During the pandemic, all of Ellenhorn’s clients need collaborative relationships more than ever – ones in which they feel that someone is by their side ready to help them navigate the challenges ahead. As much as possible, the program strives to continue providing this one-on-one and highly collaborative form of care in person.
Coronavirus is transmitted through the air. That means that congregating with groups of people indoors, especially in situations in which a lot of conversation occurs, places individuals at the greatest risk. Without extreme precautions, in-person group therapy fits within this category. While Ellenhorn has always offered a few groups, the main focus has been to provide clinical care on a one-on-one basis. They are thus able to easily suspend group treatment or move group treatment to virtual mediums without a significantly detrimental effect on clinical care or disruption to the overall process. In fact, success has convinced Ellenhorn that they can remain as effective a program without group treatment.
When meeting with clients in person, clinicians conduct clinical meetings in the safest manner possible, wearing the safest masks (KN95 or N95), meeting one-on-one/outdoors as often as possible, and remembering to stay six feet apart. Moreover, the fully-vaccinated staff is tested twice a week – adding an additional level of precaution and care. Such an approach places both the client and clinician at minimum risk. It goes without saying that that level of safety simply can’t be duplicated as easily in other treatment settings.
Looking back at the past year, Ellenhorn says they really shouldn’t have been surprised that a model based on being as organic as possible would be (and still is) the best model for responding to a community-level crisis such as this.

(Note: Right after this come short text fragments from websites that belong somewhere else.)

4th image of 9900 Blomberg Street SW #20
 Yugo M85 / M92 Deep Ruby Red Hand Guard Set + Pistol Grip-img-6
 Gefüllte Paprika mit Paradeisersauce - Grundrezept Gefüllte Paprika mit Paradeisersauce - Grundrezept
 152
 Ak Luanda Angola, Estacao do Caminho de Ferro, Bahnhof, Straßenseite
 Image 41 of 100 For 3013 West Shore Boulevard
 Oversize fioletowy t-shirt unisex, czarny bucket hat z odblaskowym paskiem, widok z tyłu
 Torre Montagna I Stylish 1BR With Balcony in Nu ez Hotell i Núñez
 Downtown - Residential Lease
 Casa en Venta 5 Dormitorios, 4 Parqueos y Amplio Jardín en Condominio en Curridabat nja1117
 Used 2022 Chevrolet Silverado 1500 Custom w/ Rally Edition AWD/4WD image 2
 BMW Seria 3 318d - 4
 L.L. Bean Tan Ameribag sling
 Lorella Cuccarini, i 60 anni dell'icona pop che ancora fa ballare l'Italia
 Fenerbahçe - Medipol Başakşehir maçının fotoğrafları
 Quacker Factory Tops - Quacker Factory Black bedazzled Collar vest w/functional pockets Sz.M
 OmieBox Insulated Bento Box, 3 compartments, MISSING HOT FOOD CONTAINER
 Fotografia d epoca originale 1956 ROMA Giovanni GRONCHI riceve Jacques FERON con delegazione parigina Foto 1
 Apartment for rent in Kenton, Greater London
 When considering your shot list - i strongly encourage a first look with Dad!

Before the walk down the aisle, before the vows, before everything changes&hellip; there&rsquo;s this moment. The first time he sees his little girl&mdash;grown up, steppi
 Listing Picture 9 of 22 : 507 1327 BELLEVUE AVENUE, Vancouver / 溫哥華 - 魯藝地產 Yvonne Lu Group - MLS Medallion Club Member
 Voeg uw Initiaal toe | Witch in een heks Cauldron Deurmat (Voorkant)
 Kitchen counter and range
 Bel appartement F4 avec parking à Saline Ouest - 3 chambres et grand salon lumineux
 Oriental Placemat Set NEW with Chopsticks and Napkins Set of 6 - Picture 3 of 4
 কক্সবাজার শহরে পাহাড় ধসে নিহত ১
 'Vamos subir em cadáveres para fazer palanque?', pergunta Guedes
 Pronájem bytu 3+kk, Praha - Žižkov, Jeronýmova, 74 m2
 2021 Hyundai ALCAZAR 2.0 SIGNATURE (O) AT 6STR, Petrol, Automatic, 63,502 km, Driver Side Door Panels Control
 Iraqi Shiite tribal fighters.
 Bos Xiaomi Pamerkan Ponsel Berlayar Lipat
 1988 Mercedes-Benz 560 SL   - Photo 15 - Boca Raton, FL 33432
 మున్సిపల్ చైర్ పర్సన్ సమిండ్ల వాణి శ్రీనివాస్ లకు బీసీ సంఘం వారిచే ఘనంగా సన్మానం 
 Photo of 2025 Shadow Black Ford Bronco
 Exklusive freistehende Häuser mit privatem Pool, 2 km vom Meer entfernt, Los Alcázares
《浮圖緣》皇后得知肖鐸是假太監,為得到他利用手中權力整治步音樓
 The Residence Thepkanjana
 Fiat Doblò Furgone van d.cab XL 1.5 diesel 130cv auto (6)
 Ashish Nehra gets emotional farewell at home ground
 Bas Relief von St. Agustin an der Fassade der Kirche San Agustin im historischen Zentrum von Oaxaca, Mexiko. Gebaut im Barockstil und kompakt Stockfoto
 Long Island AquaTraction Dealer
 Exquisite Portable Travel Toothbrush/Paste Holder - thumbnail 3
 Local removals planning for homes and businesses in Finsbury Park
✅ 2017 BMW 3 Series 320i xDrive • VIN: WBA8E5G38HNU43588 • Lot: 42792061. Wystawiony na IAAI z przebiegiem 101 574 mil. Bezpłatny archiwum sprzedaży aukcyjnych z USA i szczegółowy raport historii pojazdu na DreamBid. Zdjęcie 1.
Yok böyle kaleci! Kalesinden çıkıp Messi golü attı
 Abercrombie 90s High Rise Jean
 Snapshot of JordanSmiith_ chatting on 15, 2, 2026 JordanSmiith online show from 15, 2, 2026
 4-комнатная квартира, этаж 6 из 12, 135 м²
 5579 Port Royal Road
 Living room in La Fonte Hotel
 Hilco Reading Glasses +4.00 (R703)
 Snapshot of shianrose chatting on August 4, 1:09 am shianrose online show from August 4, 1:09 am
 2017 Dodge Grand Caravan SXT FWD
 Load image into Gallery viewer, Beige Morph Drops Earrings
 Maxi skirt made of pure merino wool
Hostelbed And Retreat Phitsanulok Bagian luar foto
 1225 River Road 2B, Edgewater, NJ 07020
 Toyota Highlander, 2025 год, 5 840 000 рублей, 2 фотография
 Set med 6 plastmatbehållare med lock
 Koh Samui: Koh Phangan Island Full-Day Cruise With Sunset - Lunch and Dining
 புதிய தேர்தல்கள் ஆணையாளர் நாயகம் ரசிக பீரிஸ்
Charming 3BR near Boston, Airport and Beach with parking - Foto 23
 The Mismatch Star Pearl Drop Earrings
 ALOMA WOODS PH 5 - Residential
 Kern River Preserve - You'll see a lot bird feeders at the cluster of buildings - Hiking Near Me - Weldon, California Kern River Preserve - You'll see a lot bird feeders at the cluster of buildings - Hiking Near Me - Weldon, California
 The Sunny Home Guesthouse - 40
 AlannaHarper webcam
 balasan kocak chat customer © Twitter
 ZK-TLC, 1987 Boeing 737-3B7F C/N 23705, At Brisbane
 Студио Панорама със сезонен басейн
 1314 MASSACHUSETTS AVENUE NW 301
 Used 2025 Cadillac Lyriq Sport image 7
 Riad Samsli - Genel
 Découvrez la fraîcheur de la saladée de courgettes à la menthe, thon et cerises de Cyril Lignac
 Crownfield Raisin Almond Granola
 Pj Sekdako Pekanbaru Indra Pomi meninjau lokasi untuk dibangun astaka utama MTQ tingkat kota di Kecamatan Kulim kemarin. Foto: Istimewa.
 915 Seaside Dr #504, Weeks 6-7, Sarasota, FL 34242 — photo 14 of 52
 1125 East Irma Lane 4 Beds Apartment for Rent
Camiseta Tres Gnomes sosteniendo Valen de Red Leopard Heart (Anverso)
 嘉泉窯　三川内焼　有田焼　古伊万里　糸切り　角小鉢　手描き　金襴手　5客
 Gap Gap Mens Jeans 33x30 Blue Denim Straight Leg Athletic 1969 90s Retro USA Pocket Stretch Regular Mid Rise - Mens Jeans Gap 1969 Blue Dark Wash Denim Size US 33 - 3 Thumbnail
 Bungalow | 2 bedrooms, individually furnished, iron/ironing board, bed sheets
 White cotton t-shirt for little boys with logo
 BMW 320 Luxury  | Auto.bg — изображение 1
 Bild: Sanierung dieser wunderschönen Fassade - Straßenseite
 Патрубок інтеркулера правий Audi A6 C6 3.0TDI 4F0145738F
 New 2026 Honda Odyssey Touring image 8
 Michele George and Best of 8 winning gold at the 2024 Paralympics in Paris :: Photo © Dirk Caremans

The Ellenhorn PACT approach allows them to continue to be present, productive, and creative in the work done with clients, even in the face of a public health crisis.
Ellenhorn was founded in Boston in 2005, with the belief that psychiatric recovery and recovery of a sense of purpose, hope and faith in oneself go hand-in-hand. In 2016, Ellenhorn opened a second office in New York which treats adolescents and adults. Ellenhorn provides psychiatric care while supporting clients’ pursuit of life goals and their connections to the larger community. As an alternative to traditional residential settings and hospitals, Ellenhorn is the most intensive program in the U.S. focused on a “treatment without walls” approach to psychiatric needs. Ellenhorn serves clients in the metro Boston and New York areas.